I'm trying to prove the symmetry of mixed partial derivatives in which the following lemma is appealed.
$\textbf{Lemma:}$ Let $X$ be open in $\mathbb R^n$, $f:X \to F$, and $m \in \mathbb N$. We $h \in \mathbb R$ and $j \in \{1,\ldots,n\}$, we define a map $\Delta_j^h f$ by $$\Delta_j^h f: X \to F, \quad x \mapsto f(x+he_j)-f(x)$$
Suppose $j_1, j_2, \ldots, j_m \in\{1,\ldots,n\}$ and $\sigma$ is a permutation of $\{1, \ldots, m\}$. Then $$ \Delta_{j_1}^{h_1} \Delta_{j_2}^{h_2} \cdots\Delta_{j_m}^{h_m} f (a) = \Delta_{j_{\sigma(1)}}^{h_{\sigma(1)}} \Delta_{j_{\sigma(2)}}^{h_{\sigma(2)}} \cdots\Delta_{j_{\sigma(m)}}^{h_{\sigma(m)}} f (a)$$
Could you please verify if my proof looks fine or contains logical gaps/errors?

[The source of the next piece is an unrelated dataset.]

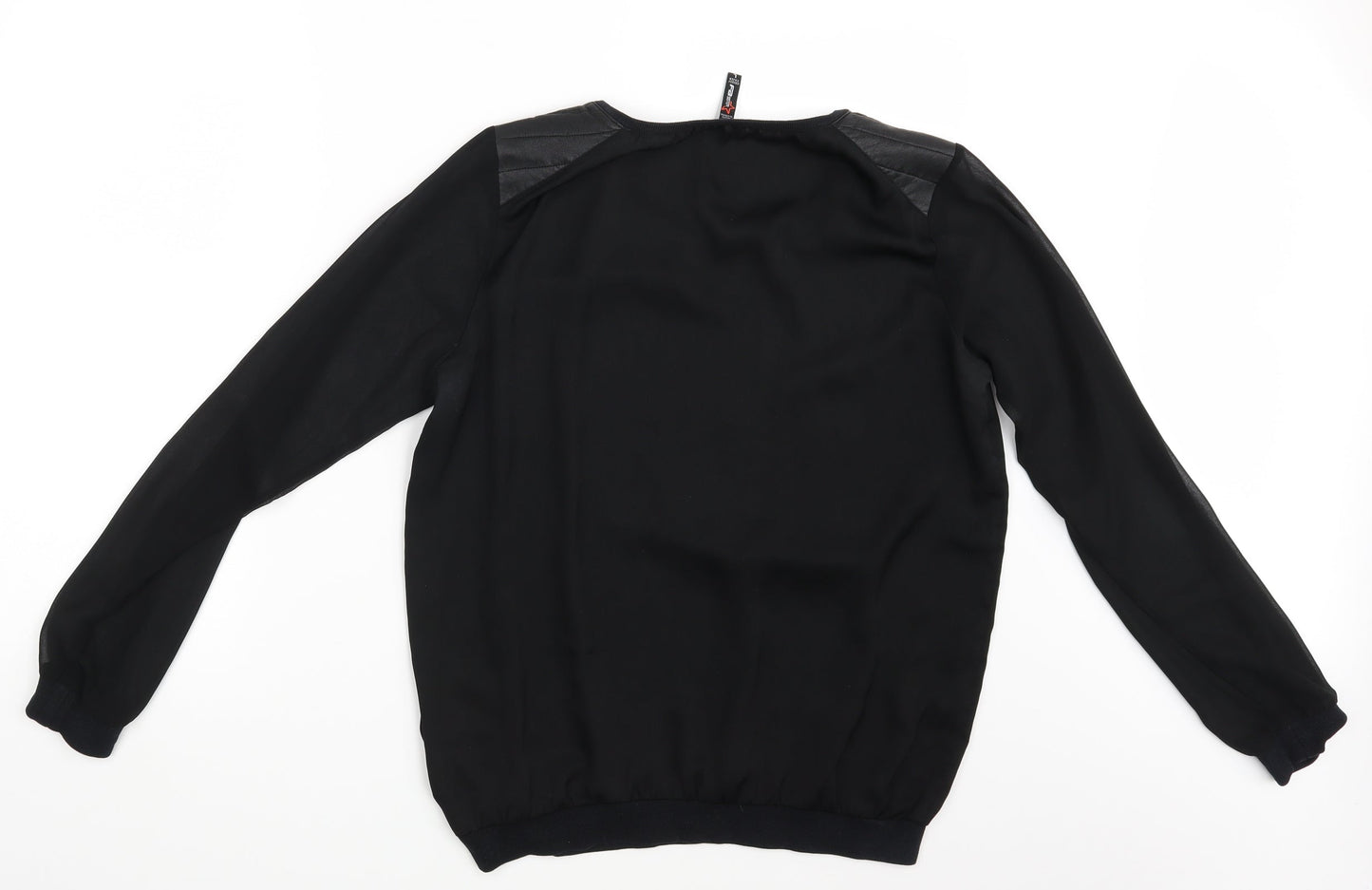 FB Sister Womens Black   Basic Blouse Size L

Thank you so much for your help!
$\textbf{My attempt:}$
Because every permutation is a product of adjacent transpositions, it suffices to prove that $$\Delta_{j_1}^{h_1} \Delta_{j_2}^{h_2} f (a) = \Delta_{j_2}^{h_2} \Delta_{j_1}^{h_1} f (a)$$
We have $$\begin{aligned} \Delta_{j_1}^{h_1} \Delta_{j_2}^{h_2} f (a)& = \Delta_{j_1}^{h_1} \left ( f(a+h_2 e_{j_2})-f(a) \right)\\ &= \Delta_{j_1}^{h_1} f(a+h_2 e_{j_2}) - \Delta_{j_1}^{h_1} f(a) \\ &= (f(a+h_2 e_{j_2} + h_1 e_{j_1})- f(a+h_2 e_{j_2})) - ( f(a+h_1 e_{j_1} ) - f(a)) \\ &= f(a+h_2 e_{j_2} + h_1 e_{j_1})- f(a+h_2 e_{j_2}) - f(a+h_1 e_{j_1} ) + f(a)\end{aligned}$$ and $$\begin{aligned} \Delta_{j_2}^{h_2} \Delta_{j_1}^{h_1} f (a)& = \Delta_{j_2}^{h_2} \left ( f(a+h_1 e_{j_1})-f(a) \right)\\ &= \Delta_{j_2}^{h_2} f(a+h_1 e_{j_1}) - \Delta_{j_2}^{h_2} f(a) \\ &= (f(a+ h_1 e_{j_1}+h_2 e_{j_2} )- f(a+h_1 e_{j_1})) - ( f(a+h_2 e_{j_2} ) - f(a)) \\ &= f(a + h_1 e_{j_1}+h_2 e_{j_2})- f(a+h_1 e_{j_1}) - f(a+h_2 e_{j_2} ) + f(a)\end{aligned}$$
Hence the expansions of $\Delta_{j_1}^{h_1} \Delta_{j_2}^{h_2} f (a)$ and $\Delta_{j_2}^{h_2} \Delta_{j_1}^{h_1} f (a)$ are identical. Thus $\Delta_{j_1}^{h_1} \Delta_{j_2}^{h_2} f (a) = \Delta_{j_2}^{h_2} \Delta_{j_1}^{h_1} f (a)$. This completes the proof.